# Contributory Parent Sub 143



## lili0408 (Jul 22, 2013)

Hi,
My parents have applied last year, August 2012, for a contributory parent visa subclass 143. They got the acknowledgment letter on 03/09/2012.
When they got the letter, it was written that it takes about 12 months.
Did somebody applied at the same time, for the same visa, and had a response or some news already from the department?
They have lodged the application at Perth.
Any similar cases will be appreciated


----------



## anurangan (Jun 20, 2013)

lili0408 said:


> Hi,
> My parents have applied last year, August 2012, for a contributory parent visa subclass 143. They got the acknowledgment letter on 03/09/2012.
> When they got the letter, it was written that it takes about 12 months.
> Did somebody applied at the same time, for the same visa, and had a response or some news already from the department?
> ...


we applied and our acknowledgment date was 9th November 2011. our visa was granted on 1st July 2013. we also applied for CPV143. case officer will be allotted around 12 mths. All the best. Any details you want please pm me. As I have been in that journey I will be able to help you. Hold on. Be patient at the end it is worth. God bless you


----------



## Veronica (Apr 5, 2008)

anurangan said:


> we applied and our acknowledgment date was 9th November 2011. our visa was granted on 1st July 2013. we also applied for CPV143. case officer will be allotted around 12 mths. All the best. Any details you want please pm me. As I have been in that journey I will be able to help you. Hold on. Be patient at the end it is worth. God bless you


The whole point of this forum is to share your experiences with everyone so everyone can benefit.


----------



## citylan (Apr 9, 2013)

How much did you pay per parent?


----------



## anurangan (Jun 20, 2013)

citylan said:


> How much did you pay per parent?


Contributory Parent (Migrant) Visa (Subclass 143) 
Parent Migration Booklet
you will find all details in this link. there are3 pathways for parent visa. subclass 103 is permanent visa for parents, Cost is less but it takes years. I guess it takes 20 yrs, visa 173 is for two years and usually parents apply for 143 before the end of two years. This pathway helps to cut cost. Assurance of support not required for 173. visa 143 is costly and quick option. case offdicer will be allotted around 12 months and visa will be granted subject to meeting all conditions. this is expensive option but quicker one.
If you are not already in Australia and planning to migrate then you can add your parents as dependants. But if you are already in Australia then you can consider 103, 173 or 143.
To put it simply, pay less wait for more years or pay more adn wait for less time.Remember visa price gets costlier every year.whatever you decide, process is simple, strightforward. you can do it yourself. No need for agent.
Hope this info helps.
All the best. God bless


----------



## findraj (Sep 24, 2012)

For 143, we need to give AoS, any idea at what figure are we looking at?


----------



## anurangan (Jun 20, 2013)

findraj said:


> For 143, we need to give AoS, any idea at what figure are we looking at?

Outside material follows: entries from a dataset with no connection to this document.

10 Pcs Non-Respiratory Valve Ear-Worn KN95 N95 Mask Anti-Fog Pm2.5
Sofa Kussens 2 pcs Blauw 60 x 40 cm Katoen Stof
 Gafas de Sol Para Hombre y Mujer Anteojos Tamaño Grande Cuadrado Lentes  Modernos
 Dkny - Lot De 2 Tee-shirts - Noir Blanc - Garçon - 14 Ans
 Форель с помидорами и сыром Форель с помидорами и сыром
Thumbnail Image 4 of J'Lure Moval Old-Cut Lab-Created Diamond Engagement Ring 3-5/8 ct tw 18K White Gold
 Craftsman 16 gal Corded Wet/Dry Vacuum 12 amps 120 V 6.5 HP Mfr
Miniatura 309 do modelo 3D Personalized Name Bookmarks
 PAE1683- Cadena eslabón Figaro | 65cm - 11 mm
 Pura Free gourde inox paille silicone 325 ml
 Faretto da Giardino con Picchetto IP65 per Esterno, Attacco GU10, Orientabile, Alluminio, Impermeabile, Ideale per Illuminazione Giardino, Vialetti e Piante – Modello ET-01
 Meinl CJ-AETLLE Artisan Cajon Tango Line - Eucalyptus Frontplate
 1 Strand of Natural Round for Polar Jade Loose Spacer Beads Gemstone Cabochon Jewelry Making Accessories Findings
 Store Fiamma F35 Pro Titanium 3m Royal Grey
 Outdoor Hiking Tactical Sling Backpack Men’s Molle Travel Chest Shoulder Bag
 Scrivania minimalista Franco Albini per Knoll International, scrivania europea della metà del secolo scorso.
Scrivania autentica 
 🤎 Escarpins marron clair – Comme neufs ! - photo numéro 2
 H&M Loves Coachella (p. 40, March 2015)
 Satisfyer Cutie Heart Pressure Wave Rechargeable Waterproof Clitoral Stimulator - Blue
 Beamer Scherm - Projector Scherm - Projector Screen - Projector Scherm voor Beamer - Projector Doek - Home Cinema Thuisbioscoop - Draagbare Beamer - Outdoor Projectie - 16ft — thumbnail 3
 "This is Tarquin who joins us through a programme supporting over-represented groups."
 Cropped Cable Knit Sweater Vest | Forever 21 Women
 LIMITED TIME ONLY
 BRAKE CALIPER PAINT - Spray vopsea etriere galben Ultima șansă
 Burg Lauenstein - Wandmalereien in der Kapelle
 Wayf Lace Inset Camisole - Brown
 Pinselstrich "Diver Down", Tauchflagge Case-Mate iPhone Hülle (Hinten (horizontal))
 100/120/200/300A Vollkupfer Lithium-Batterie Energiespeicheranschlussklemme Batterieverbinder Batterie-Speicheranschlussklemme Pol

For permanent Contributory Parent (including Contributory Aged Parent) visa applicants, an AoS bond of AUD10 000 is required for the main applicant. This bond will be held for the 10-year AoS period. The AoS bond sum for any adult secondary applicant is AUD4000.

For permanent Parent (including Aged Parent), Aged Dependent Relative and Remaining Relative visa applicants, an AoS bond of AUD5000 is required for the main applicant. This bond will be held for two years. The AoS bond amount for any adult secondary applicant is AUD2000.
Note: An AUD10 000 financial bond is required for each application if the assurer is an organisation.
(This is taken from the website itself)
AOS if its for single its 10000, if its for 2 then its 14,000


----------



## findraj (Sep 24, 2012)

anurangan said:


> For permanent Contributory Parent (including Contributory Aged Parent) visa applicants, an AoS bond of AUD10 000 is required for the main applicant. This bond will be held for the 10-year AoS period. The AoS bond sum for any adult secondary applicant is AUD4000.
> 
> For permanent Parent (including Aged Parent), Aged Dependent Relative and Remaining Relative visa applicants, an AoS bond of AUD5000 is required for the main applicant. This bond will be held for two years. The AoS bond amount for any adult secondary applicant is AUD2000.
> Note: An AUD10 000 financial bond is required for each application if the assurer is an organisation.
> ...


Thank you, I believe, this is in addition with VAC1 of about AUD 2060 and VAC2 of about AUD 42750 per parent?


----------



## anurangan (Jun 20, 2013)

findraj said:


> Thank you, I believe, this is in addition with VAC1 of about AUD 2060 and VAC2 of about AUD 42750 per parent?


Yes, you are right.


----------



## findraj (Sep 24, 2012)

anurangan said:


> Yes, you are right.


Thank you so much Anuragangan


----------



## anurangan (Jun 20, 2013)

findraj said:


> Thank you so much Anuragangan


you are welcome. who can put price tag for parents? In my personal opinion, its worth even it may look costly. Again its personal decision. Any help/info you need let me know. Glad to help. All the best. God bless


----------



## findraj (Sep 24, 2012)

anurangan said:


> you are welcome. who can put price tag for parents? In my personal opinion, its worth even it may look costly. Again its personal decision. Any help/info you need let me know. Glad to help. All the best. God bless



Definitely  good luck to you as well


----------



## citylan (Apr 9, 2013)

findraj said:


> Thank you, I believe, this is in addition with VAC1 of about AUD 2060 and VAC2 of about AUD 42750 per parent?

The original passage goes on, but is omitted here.